Due to my reservations, I’m calling it a 7, but another might rate it higher.
Also? Big Finish tells a lot of dark stories, and this is definitely one of the darker ones, in the same family with Excelis Decays and, later on (and arguably a better audio), Protect and Survive.
A few more thoughts.
I don’t understand the point of Landscar awakening Excelsior’s powers over the elements. She never uses those powers. Her newfound abilities are never relevant to the story at any time. When she needs to make something happen, she borrows somebody’s gun. Once she turns out not to be the “last,” I really expected the Doctor to inherit those powers and use them somehow.

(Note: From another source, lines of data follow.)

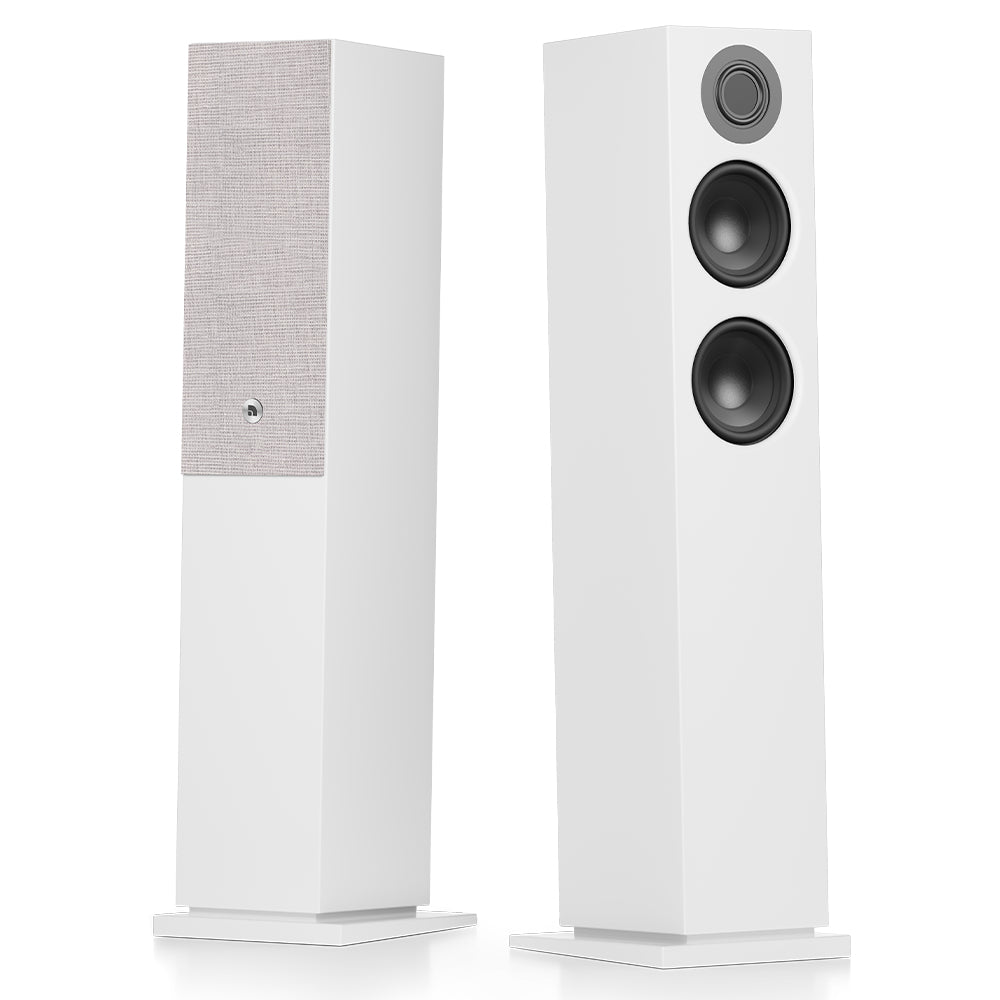 Audio Pro A48 W Beyaz Kule Tipi Multiroom Akıllı Ev Hoparlörü(Çift)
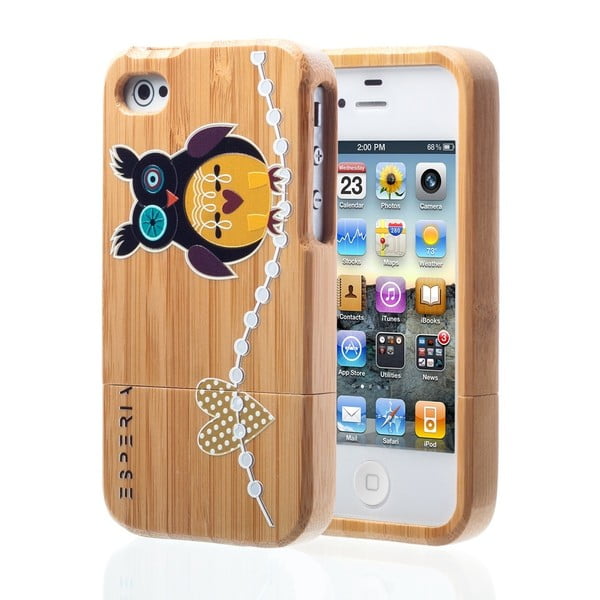 ESPERIA Big Owl Bamboo pro iPhone 4/4S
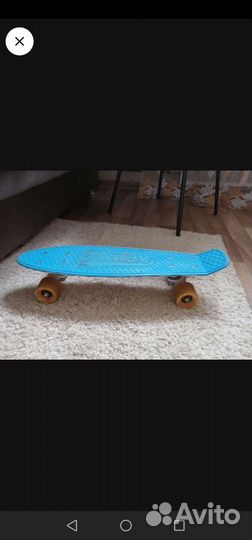 Пенниборд синий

The dynamic between Charley and the Doctor still hasn’t recovered from its pre-Scherzo affection. Maybe it never will, but it was so groundbreaking to have the Doctor and companion romantically entangled with one another in canon that it’s a loss. At this point Charley almost seems closer to C’rizz.
Of course, the biggest problem with this audio is the Star Trek reset button at the end. It was foreshadowed, but it’s still a huge ask to posit that when every living thing on a planet is destroyed, the timeline resets and tries a different tack. Although once again, I feel like the Doctor and friends are rats in a maze, undergoing a series of virtual reality scenarios. This one was very much a Kobayashi Maru.
It’s a minor quibble, but how does the Doctor remember the “everyone dies” timeline once the timeline resets? Scherzo emphasised that in this universe, he’s lost his time sense. Which brings me back to the same question I’ve had for most of these Divergent Universe stories: the Doctor keeps trying to find the TARDIS, even though he and Charley chose to leave the TARDIS rather than be destroyed with it.